DATA PROVIDED

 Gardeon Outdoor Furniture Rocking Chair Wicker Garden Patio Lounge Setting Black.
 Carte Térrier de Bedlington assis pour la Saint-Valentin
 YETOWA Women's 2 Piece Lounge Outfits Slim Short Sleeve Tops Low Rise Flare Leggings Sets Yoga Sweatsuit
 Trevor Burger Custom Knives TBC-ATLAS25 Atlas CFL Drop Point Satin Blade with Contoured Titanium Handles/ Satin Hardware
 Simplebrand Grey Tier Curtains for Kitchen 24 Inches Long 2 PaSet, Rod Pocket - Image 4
...
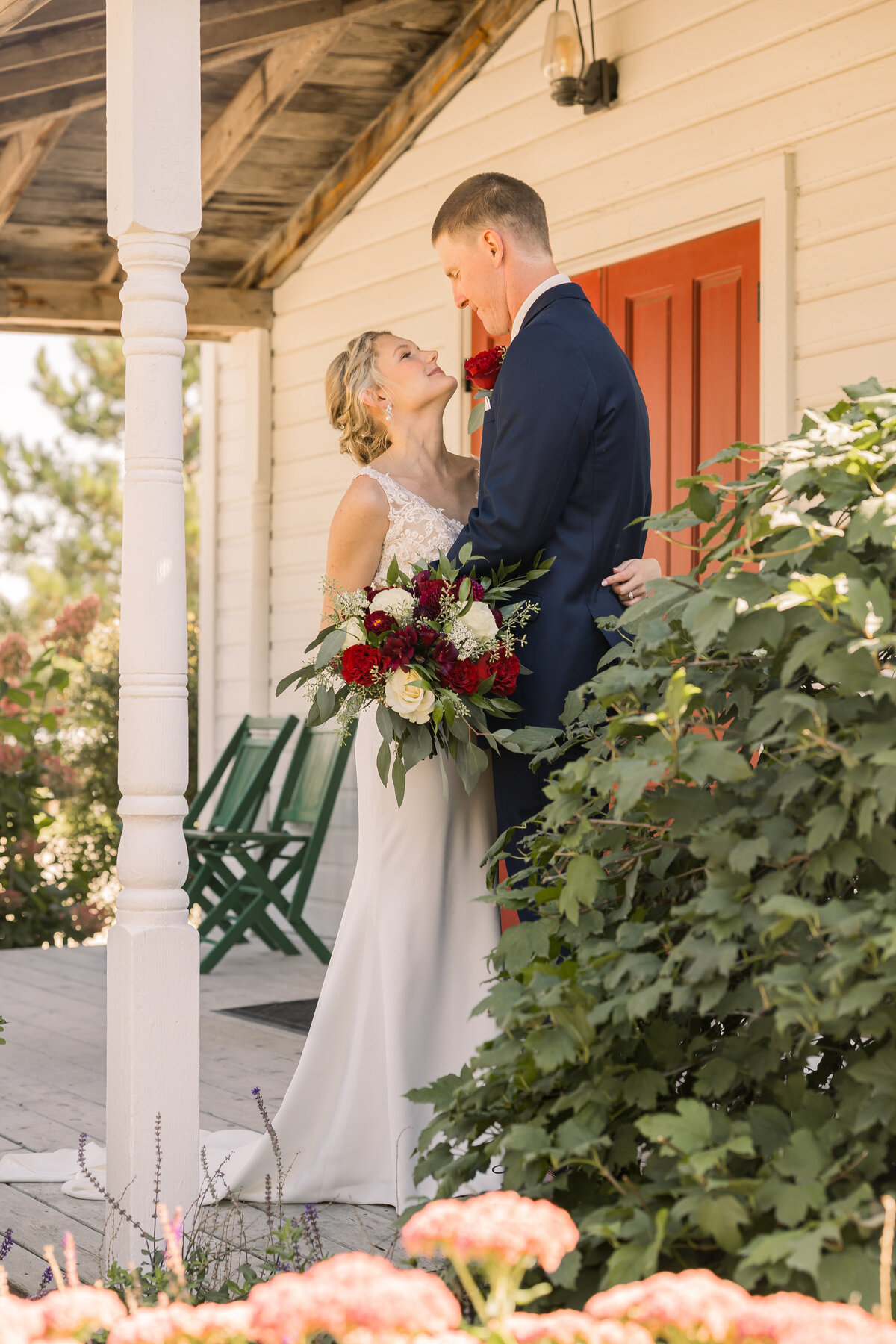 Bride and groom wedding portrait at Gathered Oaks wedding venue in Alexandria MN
==
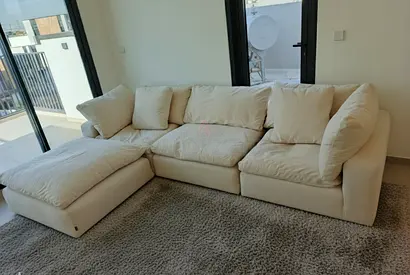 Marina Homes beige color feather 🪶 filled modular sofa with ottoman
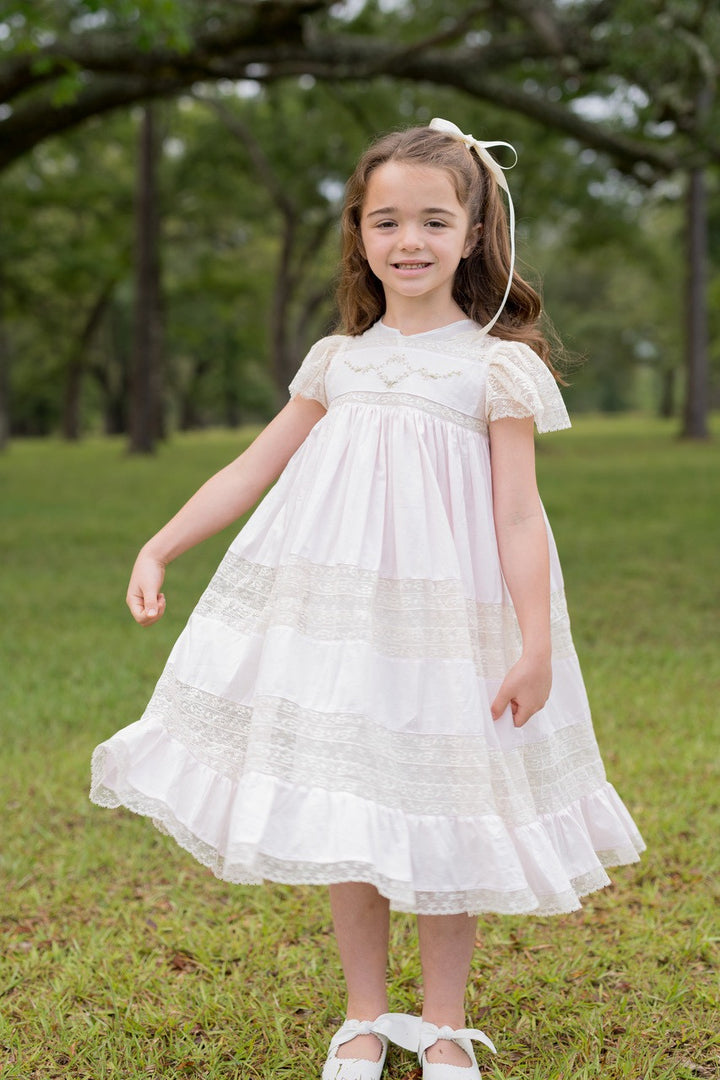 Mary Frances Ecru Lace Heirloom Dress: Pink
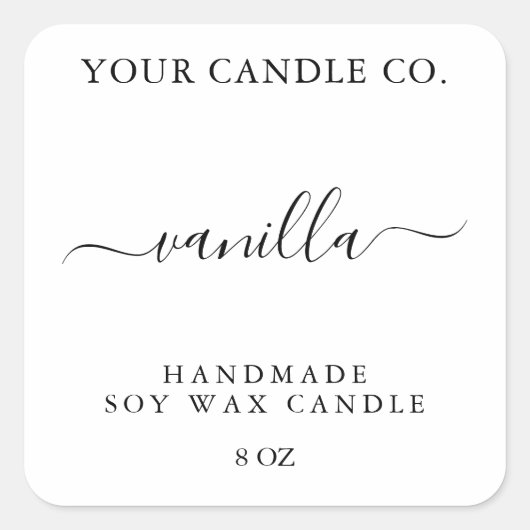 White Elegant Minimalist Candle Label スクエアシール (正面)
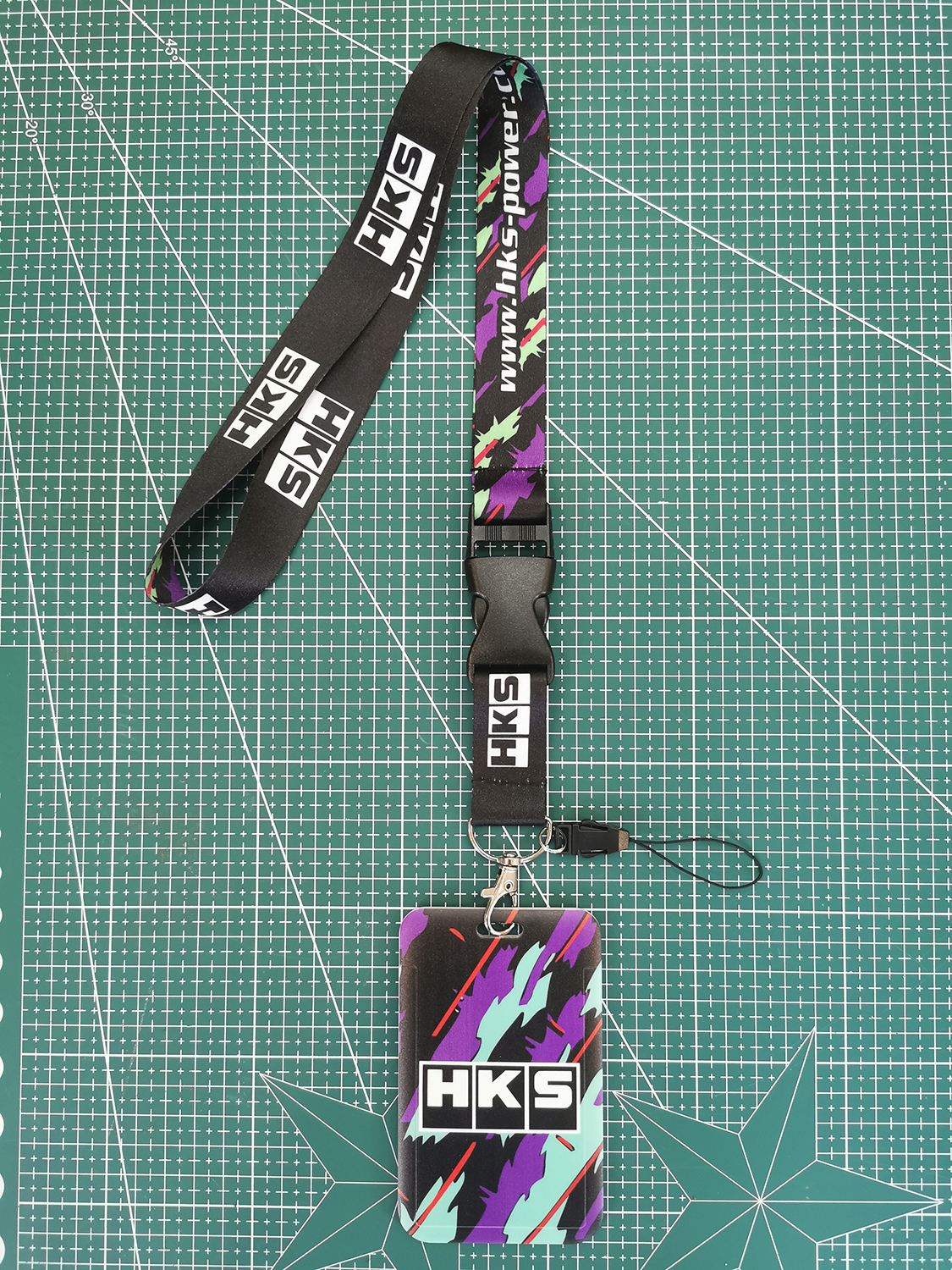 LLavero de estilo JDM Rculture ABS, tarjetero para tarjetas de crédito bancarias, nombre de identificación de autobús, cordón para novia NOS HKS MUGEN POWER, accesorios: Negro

ACTIVITY
In the listing above, transcribe exactly everything from the line containing "Gardeon Outdoor Furniture" down to the line containing "Trevor Burger Custom", including both and nothing more.

SOLUTION TO THE EXERCISE
 Gardeon Outdoor Furniture Rocking Chair Wicker Garden Patio Lounge Setting Black.
 Carte Térrier de Bedlington assis pour la Saint-Valentin
 YETOWA Women's 2 Piece Lounge Outfits Slim Short Sleeve Tops Low Rise Flare Leggings Sets Yoga Sweatsuit
 Trevor Burger Custom Knives TBC-ATLAS25 Atlas CFL Drop Point Satin Blade with Contoured Titanium Handles/ Satin Hardware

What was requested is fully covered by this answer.